Karısı, gözlerini iri iri açmış, inanmaz bakışlarla devamını bekliyordu. Adam yorulmuş gibi derin birkaç nefes aldı ve:

''-Böyle olunca, onu başkası ile evlendirdiler, yolumuz ayrıldı....İki yıla kalmadan eşim vefat etti. Kimsem kalmamıştı orada...Türkleri göç etmek zorunda bırakınca Bulgarlar kalktım, geldim buraya. Bir süre orada burada dolandım....Sonra babanın yanında işe başladım...Gerisini biliyorsun....''

Kadın:

''-Bitti mi? Bu kadar mı?'' diye sorunca adamın yüzü gölgelendi ama söylemeyi zorunlu gördü:

''-Hayır...Bursa'ya gittiğimde akrabalarımı görmek istedim....Onu da gördüm...Ama inan orada olduğundan haberim yoktu...''

Elif yine sordu:

''-Adı ne?''

Cemal:

''-Ne önemi var senin için?'' derken soruyu soru ile yanıtladı. Kadın vazgeçmedi:

''-Merak! Adı ne?''

''-Reyhan.''

Elif diğer soruya geçti hemen:

''-Buluştunuz mu?''

''-Hayır...Aslında ben konuşmak istedim ama, o kabul etmedi...İşte hepsi bu kadar...''

Bir süre sessiz kaldılar. Cemal:

''-Seni üzdüğüm için beni affet....Olanları bilmek hakkın...Neden konuşmak istedin dersen, ben de tam olarak bilmiyorum....Bir an geçmişe gittim....Kendime hakim olamadım....Ama dediğim gibi gelmedi...Aslında iyi de yaptı... Bana güzel bir ders verdi...Şimdi bana ne istersen yap hak ettim...''

Elif yerinden hiç kıpırdamadı...Cemal endişeli onun yüzüne baktı, ne diyeceğini kestirmek istercesine...Bir yanıt alamayınca, kekeler gibi:

''-Beni istemezsen anlarım seni, giderim hayatından..''dese de gelecek cevaptan korkuyordu...Elif ona döndü:

''-Sen gidersen çocuklarımız ne olur hiç düşündün mü? Gençliğinde olmuş bitmiş...Ama onu tekrar görmek ve konuşmak istemeni kabul edemiyorum...Her kadın eşini kıskanır...Üzüldüm...Ama ailemi dağıtmam....''

Cemal cesaret aldı bu sözlerden:

''-Affet beni!..''dedi ve başını karısının göğsüne yasladı sevgi bekleyen bir çocuğa benzedi. Elif isteksizce sarıldı ona ama, yüzünü diğer tarafa döndü...

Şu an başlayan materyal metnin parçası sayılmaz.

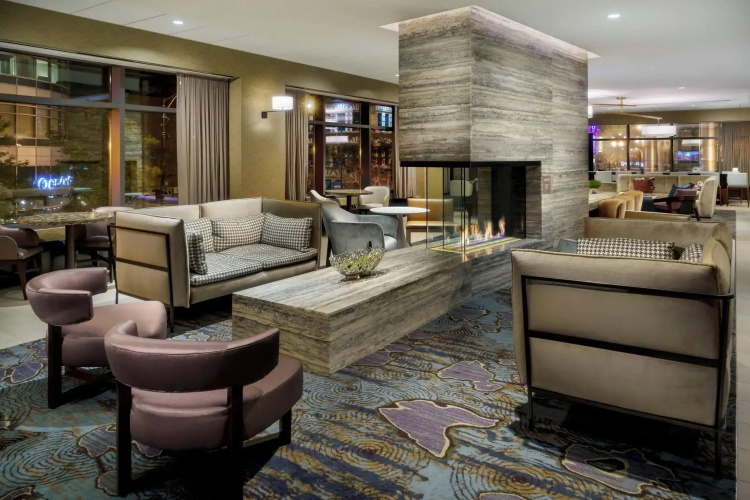 Springhill Suites by Marriott Chicago Downtown/ River North
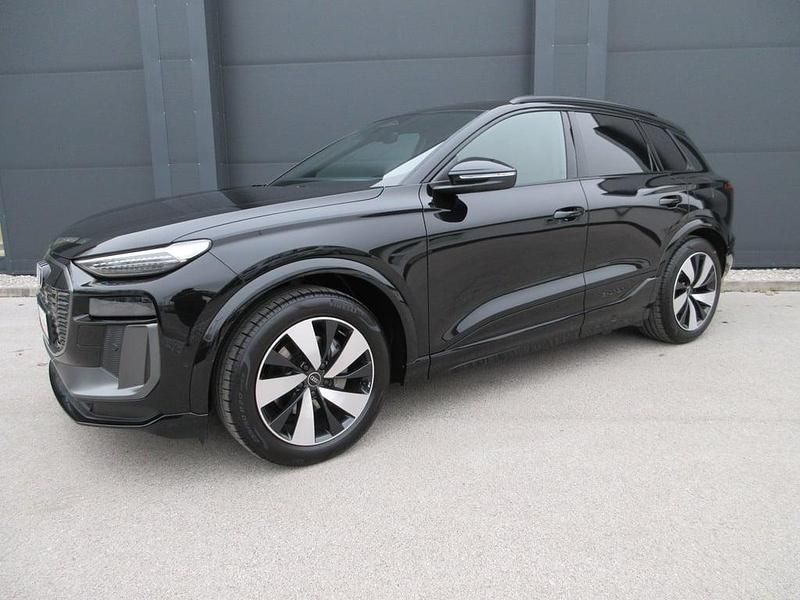 Gebraucht Audi Q6 e-tron 119 kW (163 PS) 2025 Schwarz  metallic SUV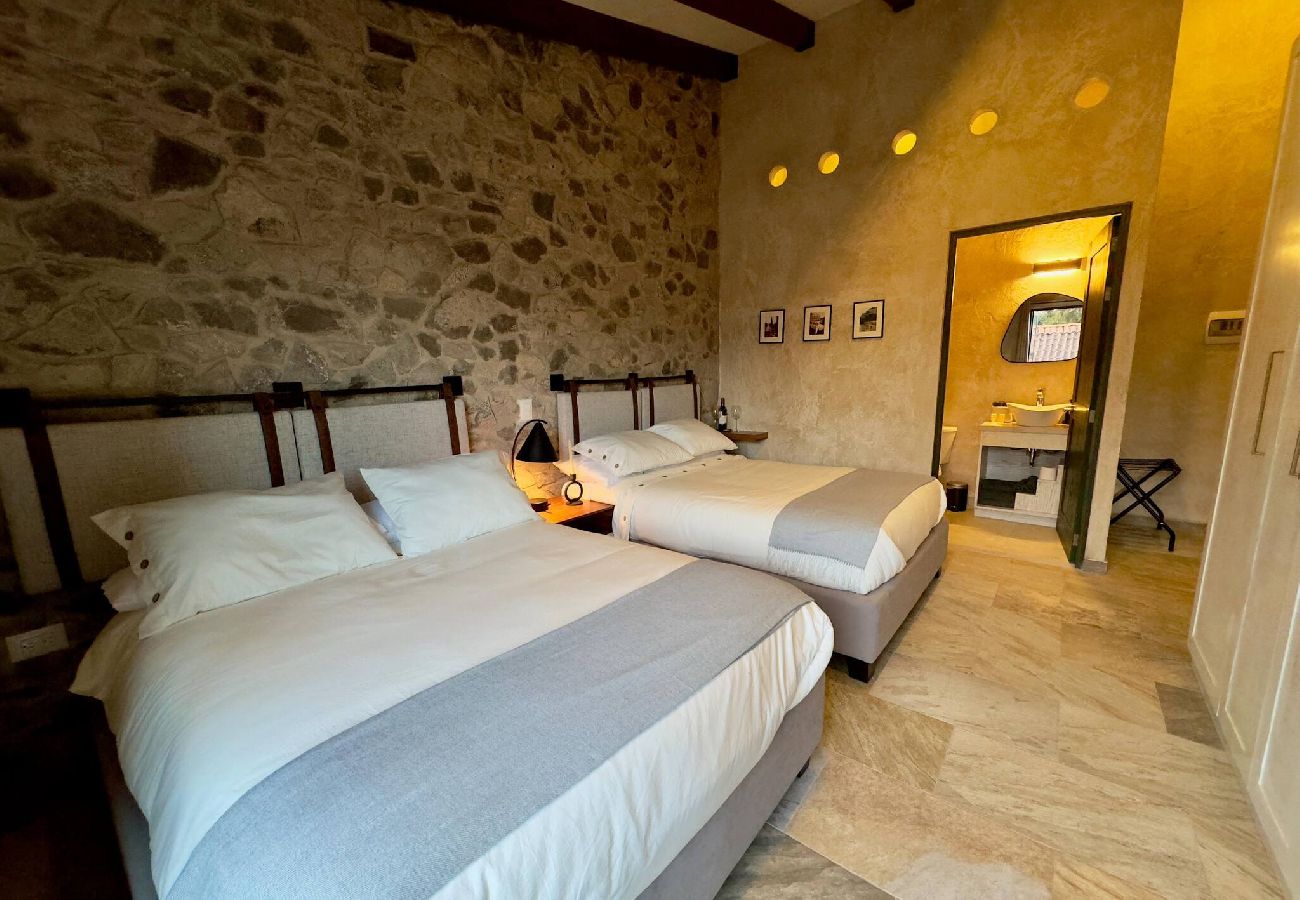 Rent by room in Val’Quirico - Mar en Val’Quirico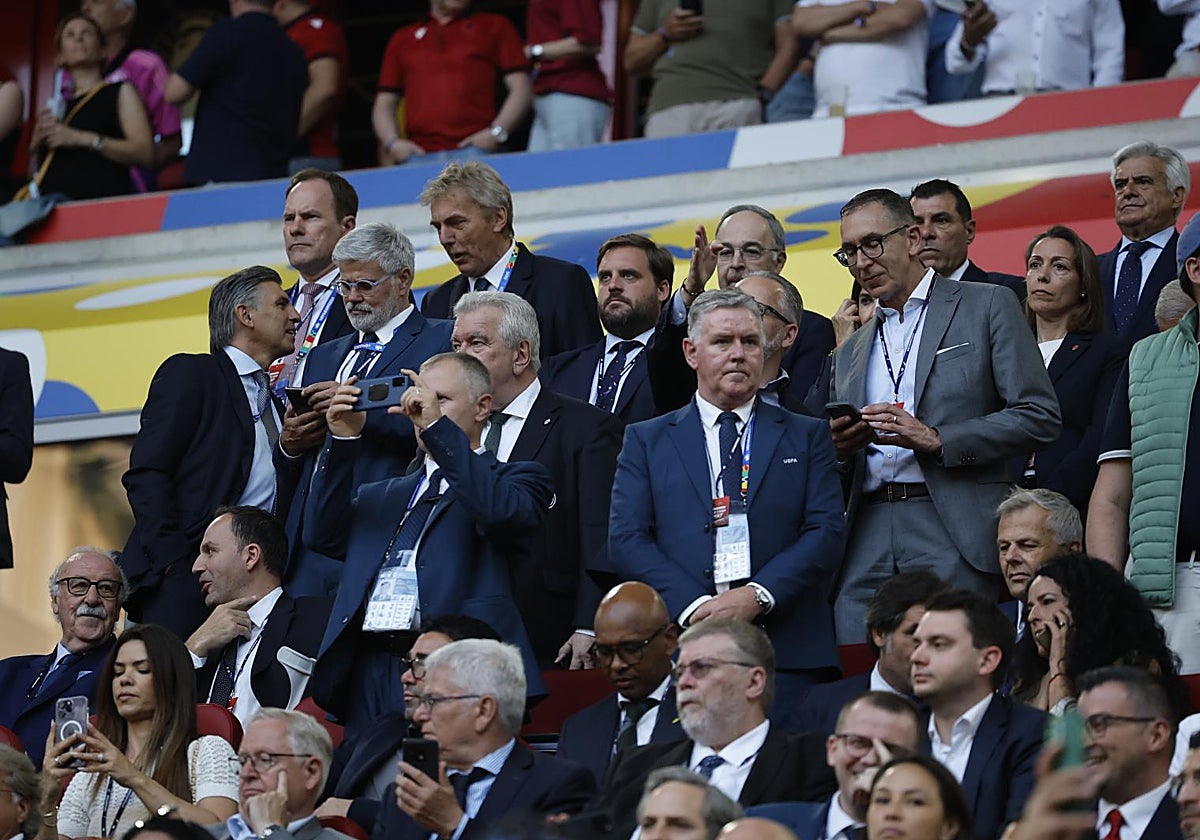 Del Bosque, abajo a la izquierda, y Rocha, arriba a la derecha, separados en el palco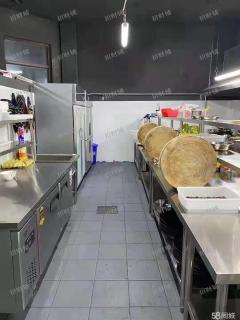 青山湖产业园旁餐馆转让，对面就是酒店客源稳定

     Kadın, maneviyatının gücü ile sevdikleri için en olmazlara bile dayanır ama, asla unutmaz...Kırılır dökülür ama sevdiklerini korur. Elif için de aynısı yaşandı...Bir başkasını kadınlığına yediremedi...O günden itibaren kocasına olan sevgisinin bir yanı çöktü...Hatırladıkça içi sızladı....Ailesini bir arada tutsa da asla o kadını aklından çıkaramadı...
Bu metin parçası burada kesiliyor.